Per i giuristi romani dei primi secoli dell’impero studiati da Thomas, invece, le norme del diritto naturale non sono iscritte nell’ordine della trascendenza, dal momento che la natura è coestensiva al diritto, nel senso che il diritto romano la evoca per mettere ordine nelle cose. In questo senso, essa è piuttosto l’esito che la precondizione delle operazioni giuridiche che la invocano. L’indagine archeologica – nel senso di Giorgio Agamben – che Thomas così compie, spregiudicata e nel contempo rigorosamente flologica, contro una certa vulgata che arriva fino ai nostri giorni, attraverso una tipica procedura di desostanzializzazione mirante a mettere in luce la dimensione finzionale del costrutto giuridico di natura, riporta alla luce una costellazione concettuale diversa e addirittura opposta, che sembrava ormai persa dopo due millenni di storia cristiana. Ciò che conta non è tanto una sua supposta – e nei fatti negata – essenza di tipo aristotelico, come nel diritto naturale cristiano, ma il suo uso attraverso una sapiente casuistica.

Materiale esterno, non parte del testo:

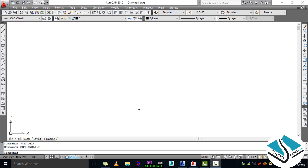Hello friends, welcome back to Catcom Lab, this is Sahil. Today we will discuss AutoCAD — how to make a front elevation of a door and how to create a front elevation in AutoCAD with the basic tools and commands.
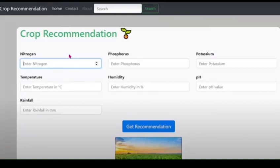Hello everyone, welcome to our presentation. I am Gayathri Kavude and joining me today is Sahin Nagri. Both of us are from Bhate Vidhapit College of Engineering for Women, currently in third year of Computer Department. Together we are excited to demonstrate our Data Science and Big Data Analytics mini-project on the topic of crop recommendation system using machine learning.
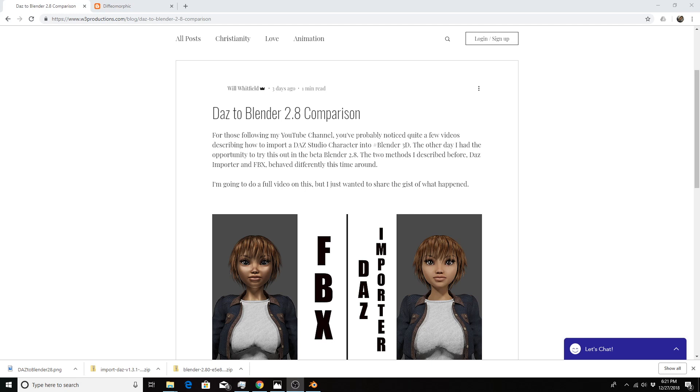If you've seen some of my previous videos, I have discussed how to import a Daz character from Daz Studio 4.10 to Blender 2.79 using either the FBX or Filmbox method, or using the Daz importer from Diffeomorphic.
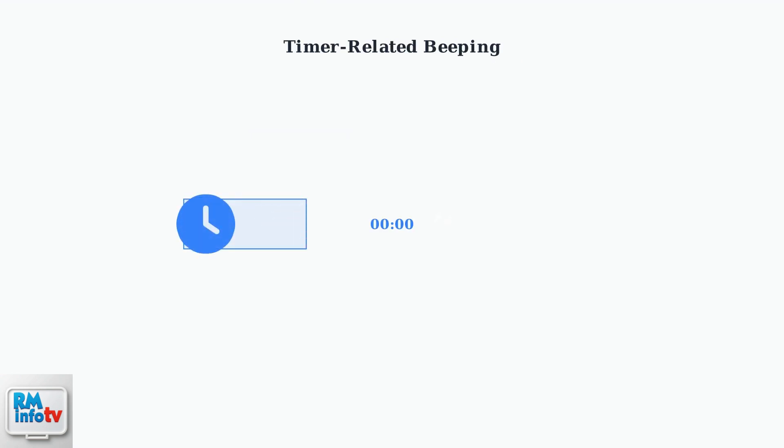Another common cause of beeping is timer settings. Your AC may beep when it's programmed to automatically turn on or off according to a schedule you've set.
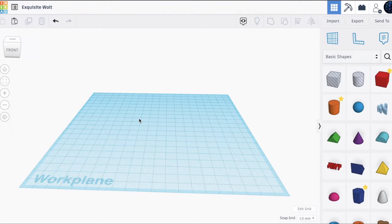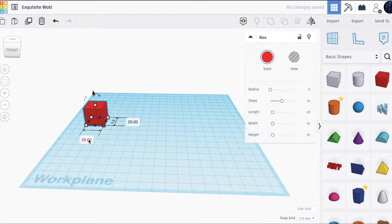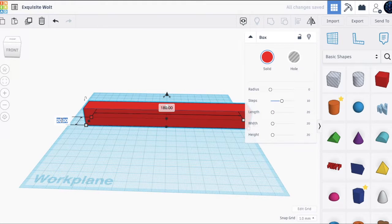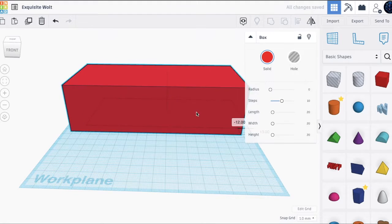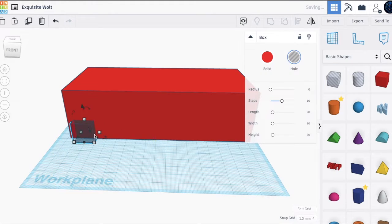In this video we're going to be creating a mansion. The first step is to drag a red box, then we change the length to 180, the width to 80, and the height to 50. This is the first floor, and in this first floor there will be a garage next to it.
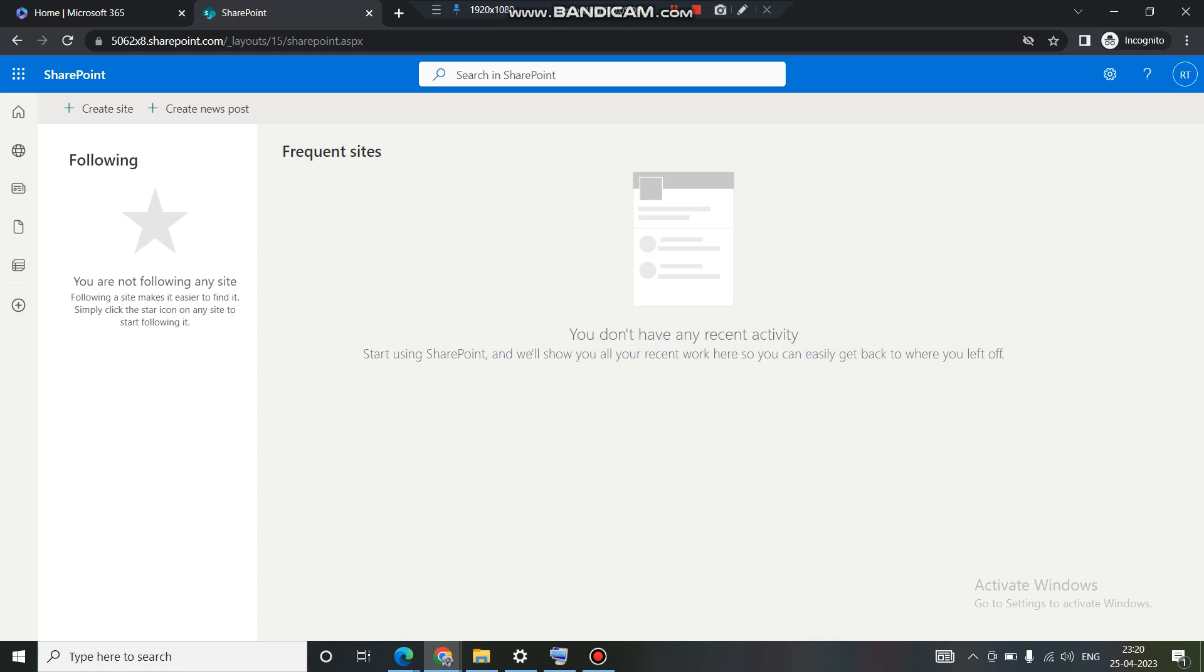And secondly, in the next sessions we will see how to access a site collection by being an admin and by being a user. Till then, happy learning, see you in the next session, bye.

La casuistica giurisprudenziale studiata con inarrivabile maestria da Thomas, infatti, mette in mostra un processo finzionale a prima vista paradossale. Se, da un lato, la natura è, indubbiamente, il mondo primigenio e selvaggio in cui si trovano i beni originari di cui nessuno si è (ancora) appropriato, in realtà il diritto si dimostra capace di istituire la natura facendole compiere una serie di operazioni squisitamente tecniche. La stessa natura, infatti, può essere di volta in volta titolo d’acquisto, cagione di annullamento, interruzione o trasmissione di beni. In questo gioco delle parti, la natura può fornire il titolo più forte, perché originario, così come quello più debole, in quanto essa è sempre prescrittibile. Esemplare il caso dello schiavo. In natura, la schiavitù non esiste, ognuno è libero. Ma una volta che, attraverso il diritto, si è istituita la schiavitù, con essa è stata anche istituita la manumissio. Questa tesi originale è, trent’anni dopo, in un’epoca di dibattiti accesi sulla giuridicizzazione della natura e sui suoi supposti diritti, quanto mai attuale. Molti dei problemi ideologici con cui oggi gli ecologisti si confrontano sono in buona parte causati dal ricorso a un concetto fondazionale di natura originaria, che può essere preservata, conservata, se non fatta ritornare al suo primordiale stato paradisiaco. Il messaggio che questo aureo libretto ci consegna è un altro. Soltanto passando attraverso la cruna della storia, rendendosi meglio conto delle complesse origini degli attuali concetti di natura, sarà possibile contribuire in modo serio sul piano delle idee alla difesa della “natura”.